**What you have to do:**
From the line containing "afirma (Foto: Emir" to the end of the entries, return every line exactly, both ends included, and add nothing.

[[ Material provided, beginning ]]

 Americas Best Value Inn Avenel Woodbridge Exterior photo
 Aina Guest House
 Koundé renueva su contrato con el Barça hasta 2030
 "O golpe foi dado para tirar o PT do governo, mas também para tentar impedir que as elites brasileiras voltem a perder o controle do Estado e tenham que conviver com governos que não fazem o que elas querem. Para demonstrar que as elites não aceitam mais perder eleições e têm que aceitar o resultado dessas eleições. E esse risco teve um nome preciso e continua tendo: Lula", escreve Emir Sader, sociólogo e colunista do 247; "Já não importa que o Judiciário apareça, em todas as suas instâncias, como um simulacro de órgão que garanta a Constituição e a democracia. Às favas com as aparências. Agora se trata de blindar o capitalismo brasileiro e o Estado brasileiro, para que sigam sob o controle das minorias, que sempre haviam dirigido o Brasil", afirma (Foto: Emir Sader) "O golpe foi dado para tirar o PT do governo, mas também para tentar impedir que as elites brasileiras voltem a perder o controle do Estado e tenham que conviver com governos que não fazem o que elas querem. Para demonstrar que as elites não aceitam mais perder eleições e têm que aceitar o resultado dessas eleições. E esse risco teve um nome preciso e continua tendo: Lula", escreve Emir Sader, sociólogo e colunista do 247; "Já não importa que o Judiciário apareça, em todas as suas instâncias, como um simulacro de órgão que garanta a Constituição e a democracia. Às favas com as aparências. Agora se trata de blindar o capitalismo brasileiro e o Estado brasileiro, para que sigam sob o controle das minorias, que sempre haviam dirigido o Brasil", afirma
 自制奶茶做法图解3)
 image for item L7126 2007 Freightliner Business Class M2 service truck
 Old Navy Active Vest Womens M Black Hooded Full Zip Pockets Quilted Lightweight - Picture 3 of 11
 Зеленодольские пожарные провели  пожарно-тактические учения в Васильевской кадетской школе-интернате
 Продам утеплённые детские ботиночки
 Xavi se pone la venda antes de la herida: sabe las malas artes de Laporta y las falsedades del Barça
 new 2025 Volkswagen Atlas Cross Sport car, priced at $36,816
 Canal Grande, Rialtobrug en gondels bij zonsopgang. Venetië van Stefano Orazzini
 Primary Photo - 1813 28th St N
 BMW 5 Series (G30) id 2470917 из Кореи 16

[[ Material provided, end ]]

**Problem solution:**
 "O golpe foi dado para tirar o PT do governo, mas também para tentar impedir que as elites brasileiras voltem a perder o controle do Estado e tenham que conviver com governos que não fazem o que elas querem. Para demonstrar que as elites não aceitam mais perder eleições e têm que aceitar o resultado dessas eleições. E esse risco teve um nome preciso e continua tendo: Lula", escreve Emir Sader, sociólogo e colunista do 247; "Já não importa que o Judiciário apareça, em todas as suas instâncias, como um simulacro de órgão que garanta a Constituição e a democracia. Às favas com as aparências. Agora se trata de blindar o capitalismo brasileiro e o Estado brasileiro, para que sigam sob o controle das minorias, que sempre haviam dirigido o Brasil", afirma (Foto: Emir Sader) "O golpe foi dado para tirar o PT do governo, mas também para tentar impedir que as elites brasileiras voltem a perder o controle do Estado e tenham que conviver com governos que não fazem o que elas querem. Para demonstrar que as elites não aceitam mais perder eleições e têm que aceitar o resultado dessas eleições. E esse risco teve um nome preciso e continua tendo: Lula", escreve Emir Sader, sociólogo e colunista do 247; "Já não importa que o Judiciário apareça, em todas as suas instâncias, como um simulacro de órgão que garanta a Constituição e a democracia. Às favas com as aparências. Agora se trata de blindar o capitalismo brasileiro e o Estado brasileiro, para que sigam sob o controle das minorias, que sempre haviam dirigido o Brasil", afirma
 自制奶茶做法图解3)
 image for item L7126 2007 Freightliner Business Class M2 service truck
 Old Navy Active Vest Womens M Black Hooded Full Zip Pockets Quilted Lightweight - Picture 3 of 11
 Зеленодольские пожарные провели  пожарно-тактические учения в Васильевской кадетской школе-интернате
 Продам утеплённые детские ботиночки
 Xavi se pone la venda antes de la herida: sabe las malas artes de Laporta y las falsedades del Barça
 new 2025 Volkswagen Atlas Cross Sport car, priced at $36,816
 Canal Grande, Rialtobrug en gondels bij zonsopgang. Venetië van Stefano Orazzini
 Primary Photo - 1813 28th St N
 BMW 5 Series (G30) id 2470917 из Кореи 16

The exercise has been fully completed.